*Exercise aim*. Among the entries below, which lines run from the line with "Industrial Caged Ceiling" through the line with "Carnet Euro 3215-C1"? Retype those, both ends included, exactly and without pictures.

*Material for this task*.
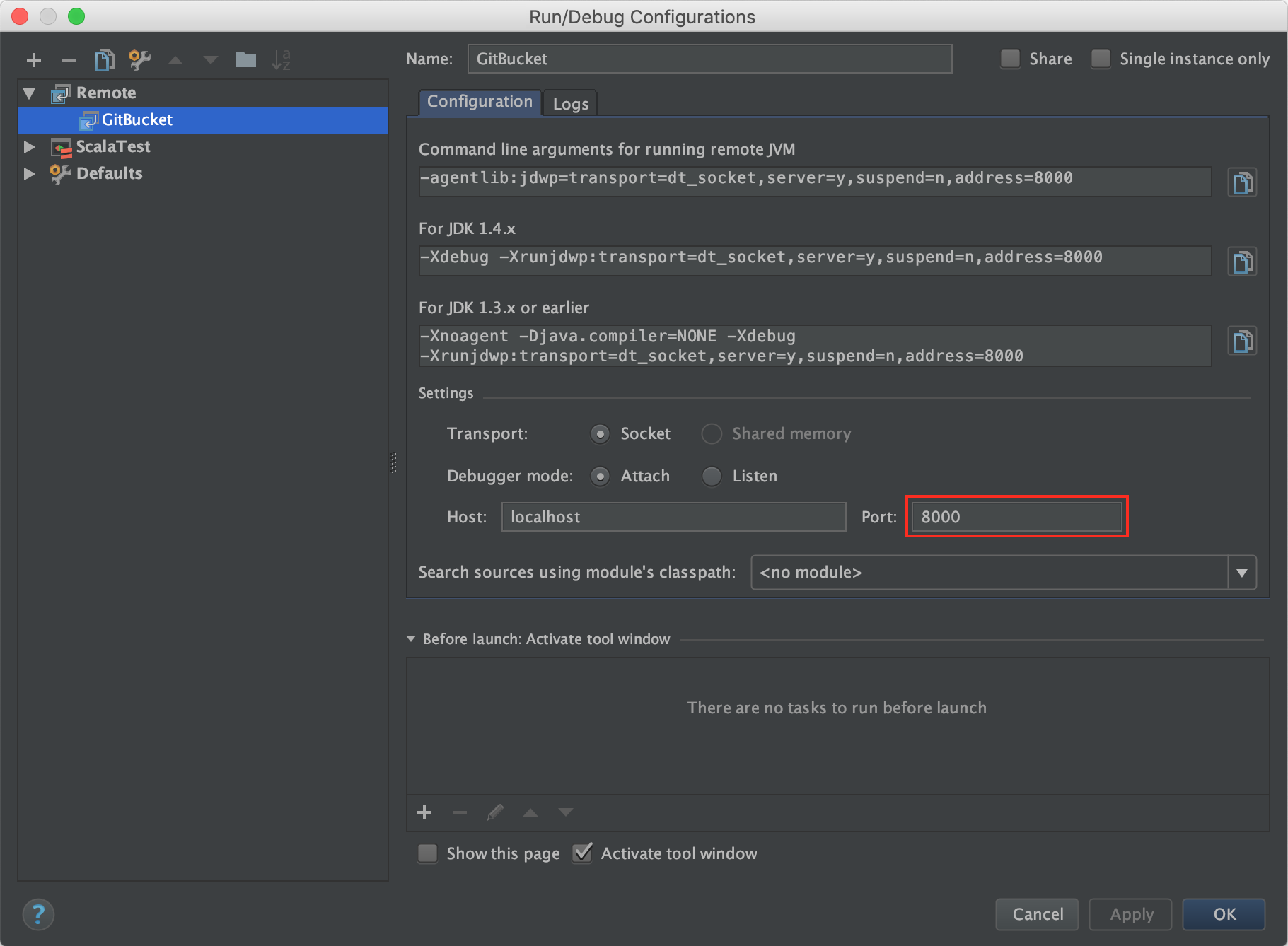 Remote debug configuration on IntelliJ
* * *
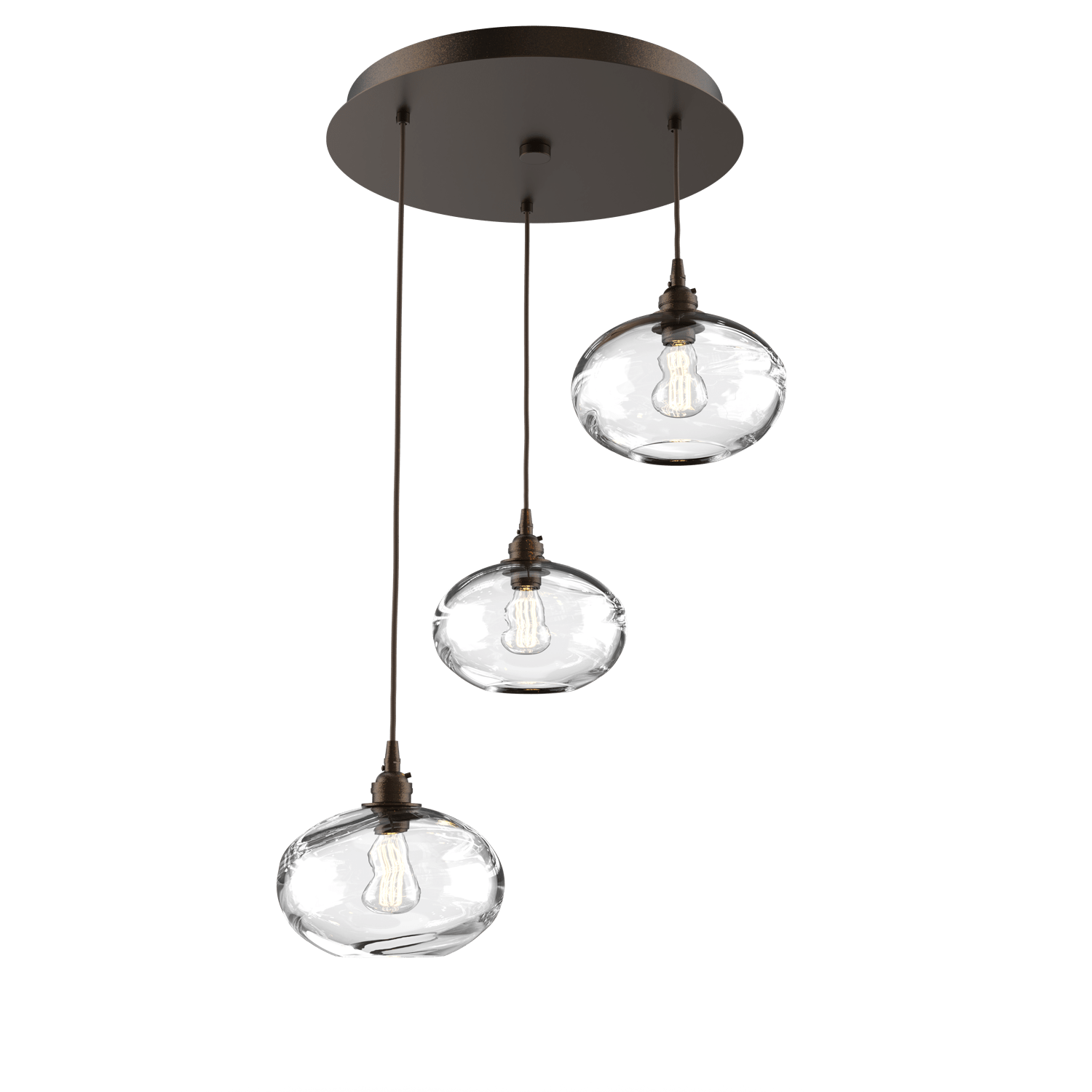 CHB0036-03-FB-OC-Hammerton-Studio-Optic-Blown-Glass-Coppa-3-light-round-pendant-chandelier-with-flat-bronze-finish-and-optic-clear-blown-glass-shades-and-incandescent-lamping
---
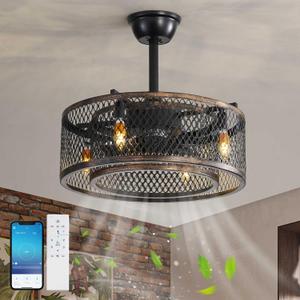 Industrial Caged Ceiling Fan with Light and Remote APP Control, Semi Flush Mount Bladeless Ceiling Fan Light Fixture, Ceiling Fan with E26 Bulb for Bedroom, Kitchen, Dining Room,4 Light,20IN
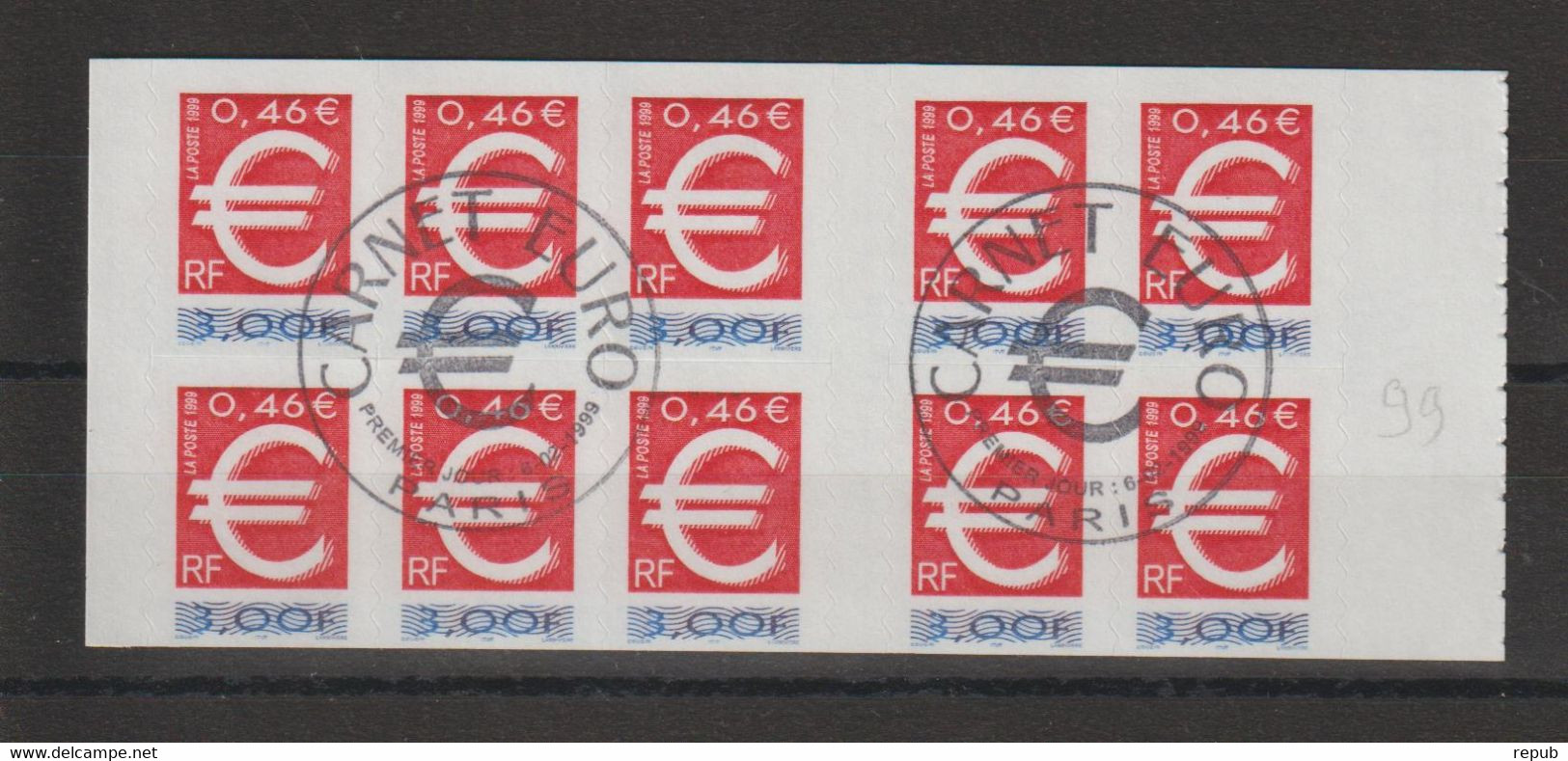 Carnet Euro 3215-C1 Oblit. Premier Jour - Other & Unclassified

*Task response*.
 Industrial Caged Ceiling Fan with Light and Remote APP Control, Semi Flush Mount Bladeless Ceiling Fan Light Fixture, Ceiling Fan with E26 Bulb for Bedroom, Kitchen, Dining Room,4 Light,20IN
 Carnet Euro 3215-C1 Oblit. Premier Jour - Other & Unclassified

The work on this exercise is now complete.